Le 9, les insurgés, reculant devant des forces supérieures, effectuèrent leur retraite sur Freiberg. Là, Bakounine essaya vainement d’obtenir de Born qu’il passât, avec ce qui lui restait de combattants, sur le territoire de la Bohême pour y tenter un nouveau soulèvement : Born refusa, et licencia ses troupes. Alors, voyant qu’il n’y avait plus rien à faire, Heubner, Bakounine, et le musicien Richard Wagner se dirigèrent sur Chemnitz. Pendant la nuit du 9 au 10, des bourgeois armés arrêtèrent Heubner et Bakounine et les livrèrent ensuite aux Prussiens ; Wagner, qui s’était réfugié chez sa sœur, réussit à s’échapper.

La conduite de Bakounine à Dresde fut celle d’un combattant résolu et d’un chef clairvoyant. Dans une de ses lettres à la New York Daily Tribune (numéro du 2 octobre 1852), On Révolution and Contre-Revolution in Germany, Marx, malgré son hostilité, a dû reconnaître le service rendu par Bakounine à la cause révolutionnaire ; il a écrit : À Dresde, la lutte fut continuée pendant quatre jours dans les rues de la ville. Les boutiquiers de Dresde, la garde communale, non seulement ne combattirent pas, mais dans plusieurs cas favorisèrent l’action des troupes contre les insurgés. Ceux-ci se composaient presque exclusivement d’ouvriers des districts manufacturiers environnants. Ils trouvèrent un chef capable et de sang-froid dans le réfugié russe Michel Bakounine [5].

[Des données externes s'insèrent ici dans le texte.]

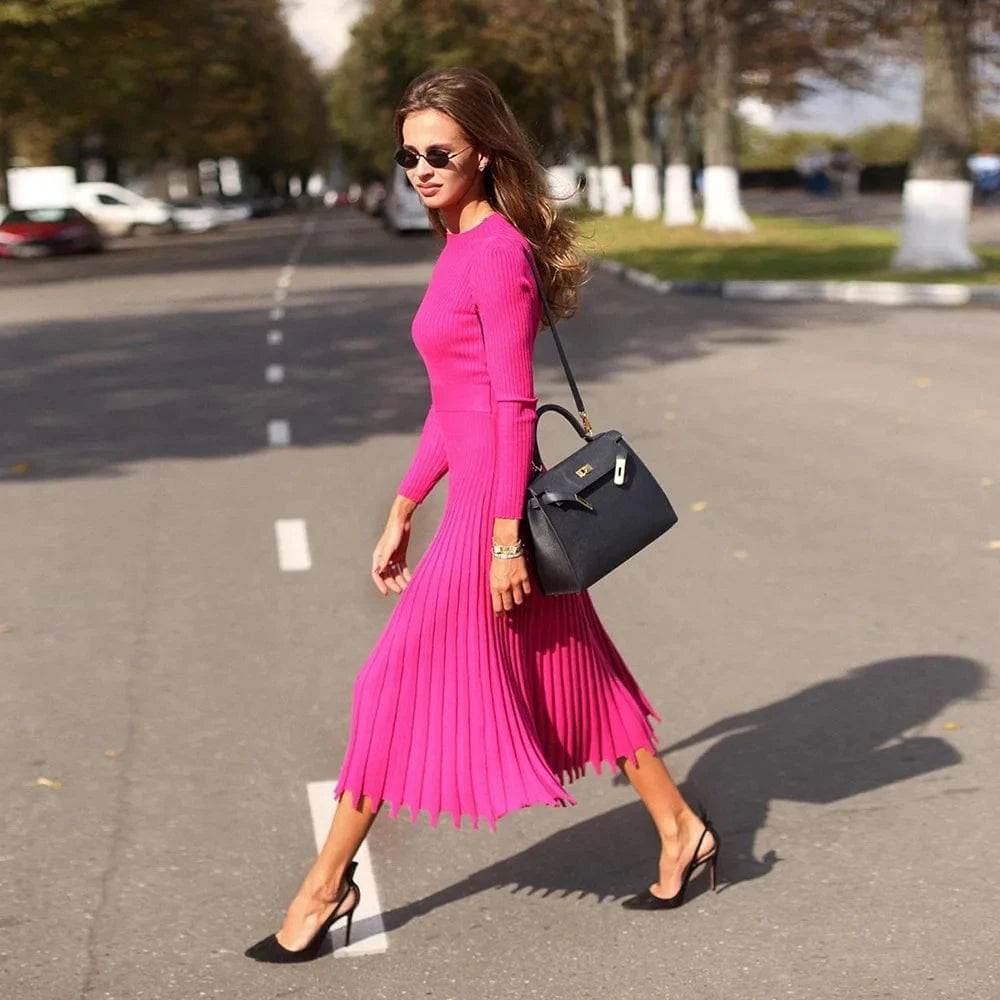 Robe plissée midi rose fluide manches longues pour cocktail chic femme, accessoirisée d’un sac noir élégant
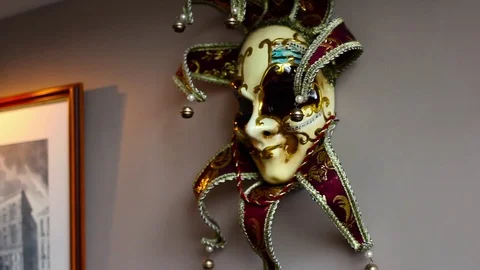 The buffon mask on the wall Stock Footage 74420866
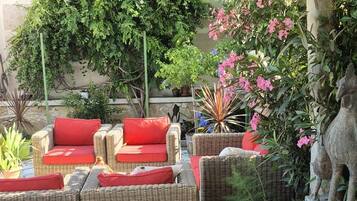 A covered outdoor seating area with wicker furniture and a stone floor.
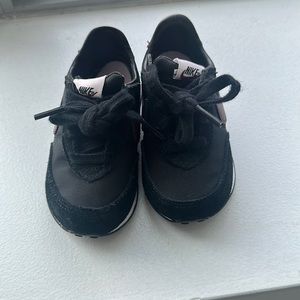 Baby Nike sneakers worn 4 times . In great condition
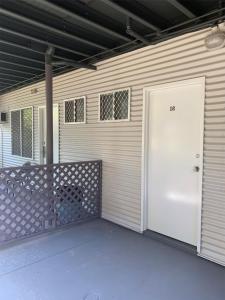 a garage with a white door on a house at Roey Backpackers and Party Bar in Broome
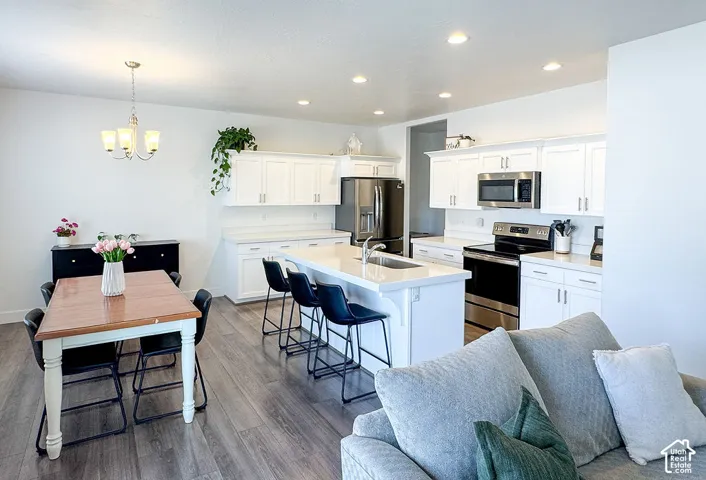 Open-concept living space featuring a kitchen with white cabinetry, stainless steel appliances, a center island with seating, and wood-finish flooring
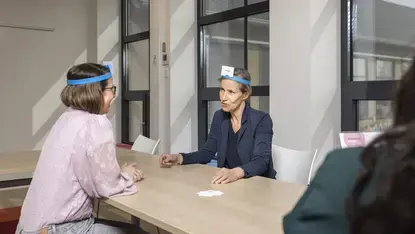 Twee vrouwen doen een raadspel met kaarten op een blauwe hoofdband.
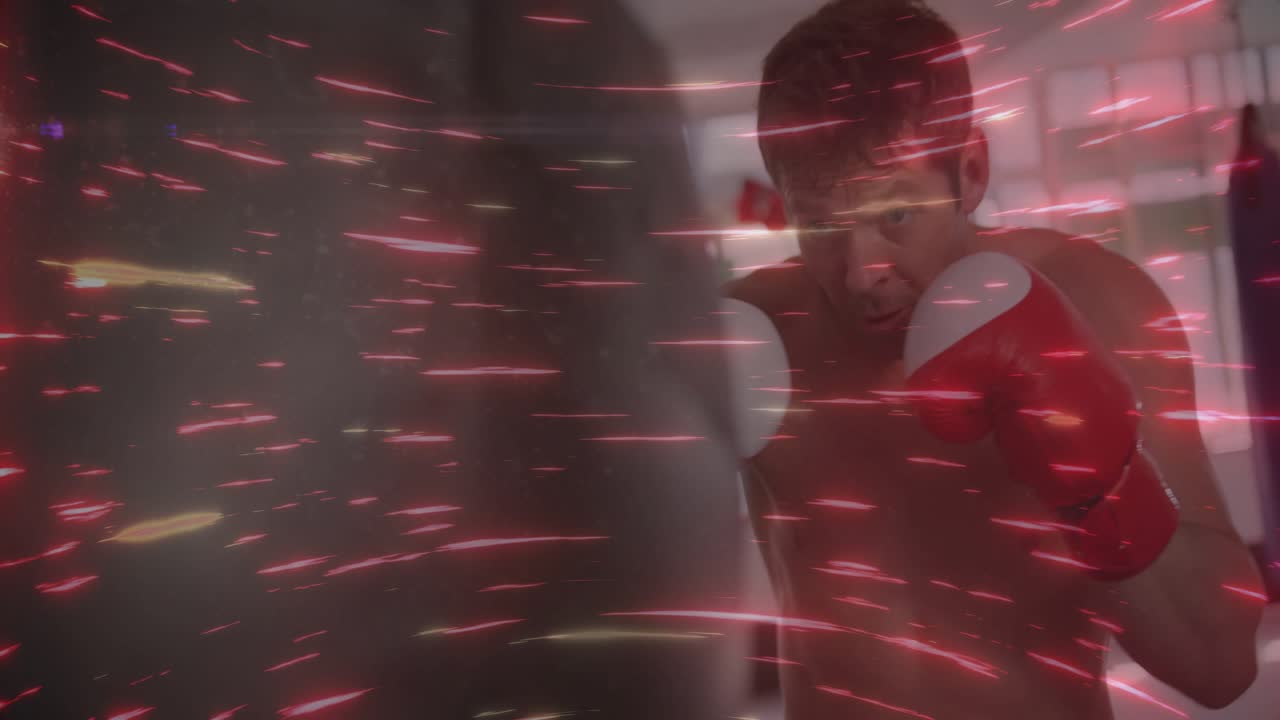 Male boxer initiating jabs and crosses by advancing on heavy bag, training with red streak overlay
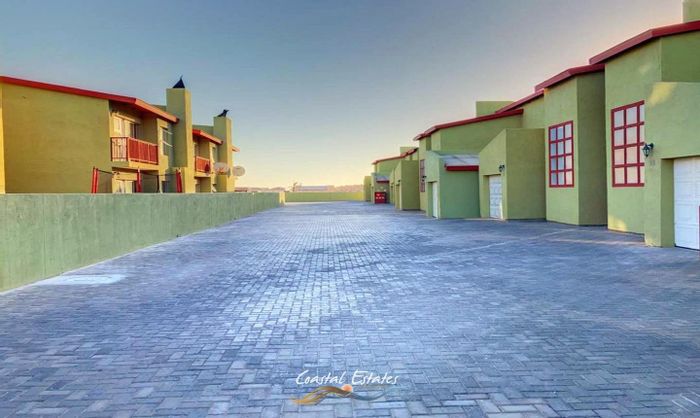 Ocean View Townhouse For Sale: 2 Bedrooms, Courtyard, Open-Plan Living, Garage.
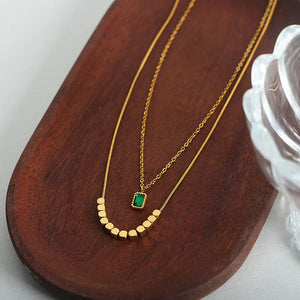 Gold layered necklace with emerald cube pendant and bead accents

[1In Bezug auf die Slavenpropaganda, versicherte man uns gestern, sei George Sand in den Besitz von Papieren gelangt, welche den von hier verbannten Russen, M. Bakunin, stark compromittirten, indem sie ihn als ein Werkzeug oder in jüngster Zeit gewonnenen Agenten Russlands darstellten, den der grösste Theil der Schuld der neuerdings verhafteten unglücklichen Polen traf. George Sand hat dièse Papiere einigen ihrer Vertrauten gezeigt.

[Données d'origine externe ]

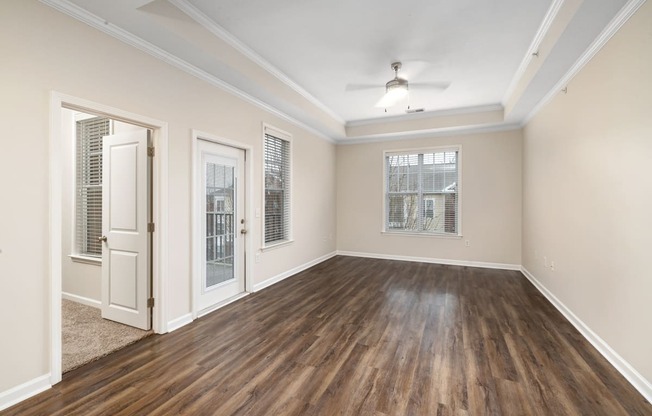 an empty living room with wood flooring and a white door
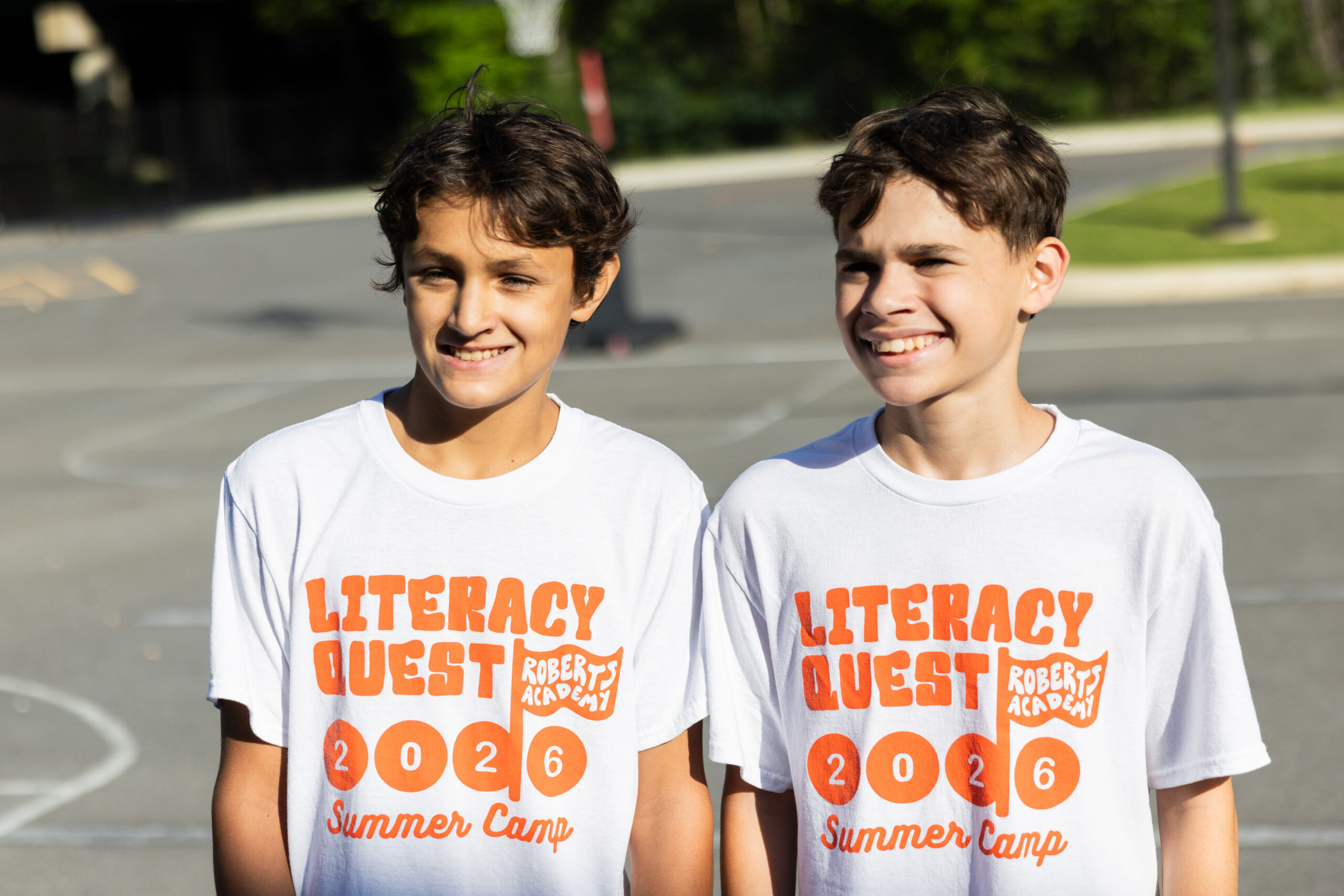 Two Roberts Academy Literacy Quest Summer Camp middle schoolers enjoy time outside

[2Wir erfüllten damit die Pflicht der Presse, öffentliche

[3Bakunin ist unser Freund. Das wird uns nicht abhalten, seine Brochure der Kritik zu unterwerfen.

[4Ausser den Polen, den Russen, und höchstens den Slaven der Türkei hat kein slavisches Volk eine Zukunft, aus dem einfachen Grund, weil allen übrigen Slaven die ersten historischen, geographischen, politischen und industriellen Bedingungen der Selbstständigkeit und Lebensfähigkeit fehlen.

[5In Dresden, the struggle was kept on for four days in the streets of the town. The shopkeepers of Dresden, the communal guard, not only did not fight, but in many instances favoured the proceedings of the troops against the insurgents. These again consisted almost exclusively of workingmen from the surrounding manufacturing districts. They found an able and coolheaded commander in the Russian refugee, Michael Bakunin. (Les italiques sont de Marx.)